M&M net rises 1.6% on higher revenues

Our Bureau Updated - March 12, 2018 at 06:28 PM.

Pawan Goenka, President, Automotive and Farm Sector,Mahindra Mahindra Ltd (right), and Bharat Doshi, ExecutiveDirector and Group CFO, in Mumbai on Thursday.— Shashi Ashiwal

The net profit of the country’s biggest utility vehicle manufacturer Mahindra & Mahindra for the fourth quarter ended March 31, 2012 was marginally up by 1.6 per cent at Rs 889.1 crore, against Rs 874.4 crore in the year-ago period. This was mainly on the back of improved sales, coupled with the company’s policy of refraining from providing discounts, even in a difficult industry environment, according to Pawan Goenka, President, Automotive and Farm Equipment, at M&M.

The company reported an exceptional gain of Rs 90.6 crore on account of sale of 34 lakh shares in M&M’s subsidiary Mahindra Holdings and Resorts India Ltd.

Exceptional gains

There was a Rs 108-crore exceptional gain in Q4 of the previous fiscal (2011-12), also arising from the merger of a subsidiary with M&M. Besides there was a one-time tax gain of Rs 148.5 crore in Q4 of the previous fiscal (2011-12)

The net revenue from sales was also up 12.03 per cent this quarter, at Rs 10,486.53 crore, against Rs 9,380.84 crore in the corresponding period last year.

The company sold 72,076 vehicles in Q4 — 23 per cent more than in the year-ago period.
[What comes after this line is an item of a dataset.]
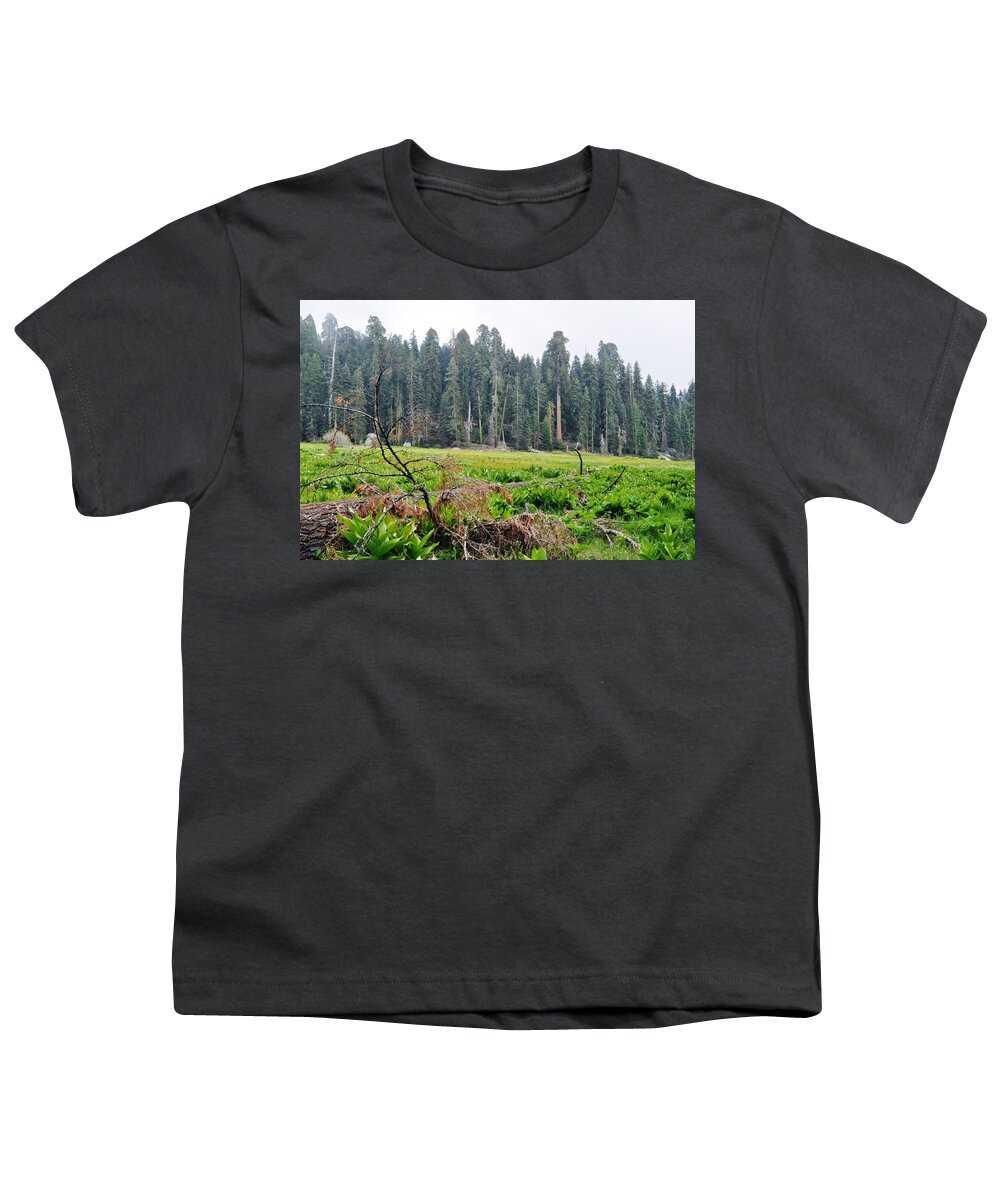 Sequoia National Park Youth T-Shirt featuring the photograph Tharps Log Meadow by Kyle Hanson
However, the company sold 46,107 tractors under the Mahindra and Swaraj brands against 48,517 tractors sold in Q4 last year.

The operating margin for the combined entity (M&M and Mahindra Vehicles Manufacturers Ltd) during the quarter improved to 14.4 per cent in Q4 of this year from 12 per cent in Q4 March 2012.
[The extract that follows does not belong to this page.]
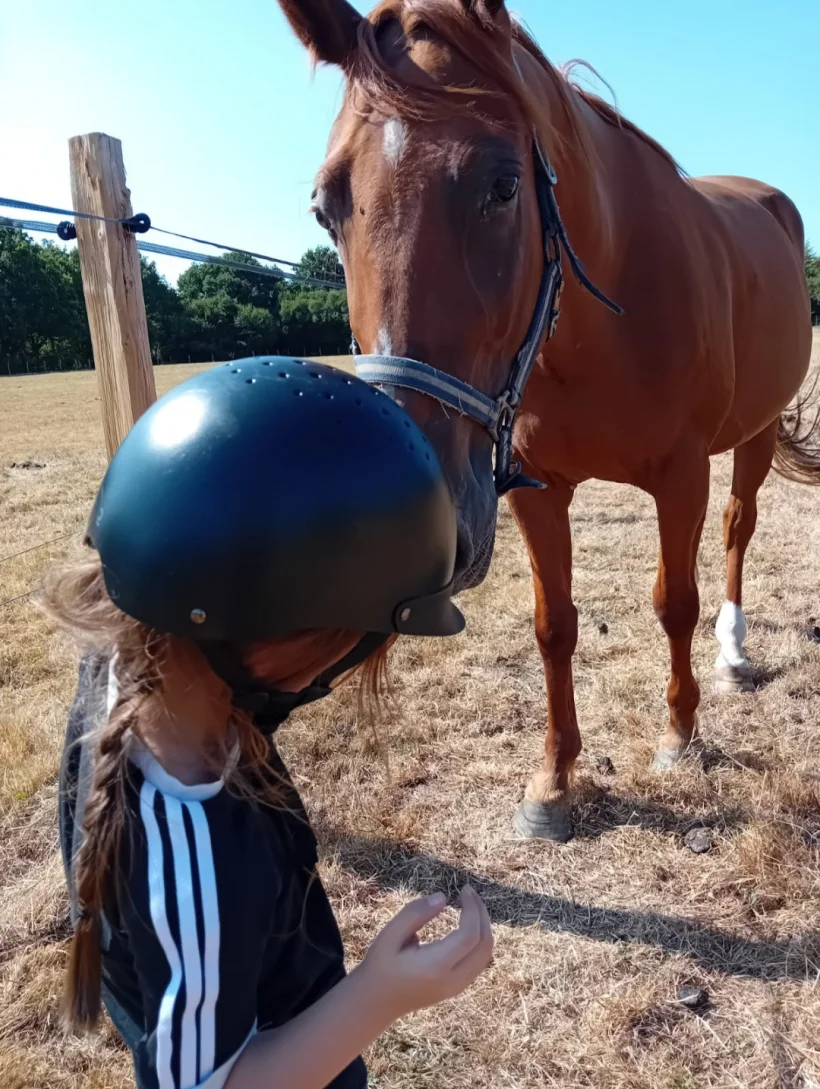 Ferme Equestre Le Refuge Location De Poney A Pouance Ferme Equestre 02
The company management, acknowledging the impact of the slowdown in industry and the 3 per cent excise duty hike on SUVs announced this Budget, maintained that it was looking at various means to neutralise the impact of the hike.

“Owing to this 3 per cent hike, SUV volumes for the auto industry have seen a de-growth of 14 per cent compared to growth of 35-40 per cent a year in this segment before February,” added Goenka.

M&M also announced a total spending of Rs 10,000 crore (Rs 7,500 crore towards capex and Rs 2,500 crore investment in group companies over the next three years).

V.S. Parthasarathy, Mahindra Group CIO said: “We would be utilising these proceeds for capex, product launches, capacity additions and supporting existing ventures. We plan to fund this amount through our internal accruals comprising cash balance of Rs 4,000 crore from our profits last quarter. We also have a slew of options including stake sale in any of our listed companies and borrowing funds among others.”

Special Dividend

The M&M Board has recommended a dividend of Rs 12.50 (250 per cent) per share and a special dividend of Re 0.50 (10 per cent) per share aggregating Rs 13 (260 per cent) for each share of face value of Rs 5.

The special dividend is being recommended in view of the profit made by the company from the sale of part of its shareholding in its subsidiary Mahindra Holidays & Resorts India.

The M&M scrip was the top gainer today, moving up 4.6 per cent to Rs 1,004.60.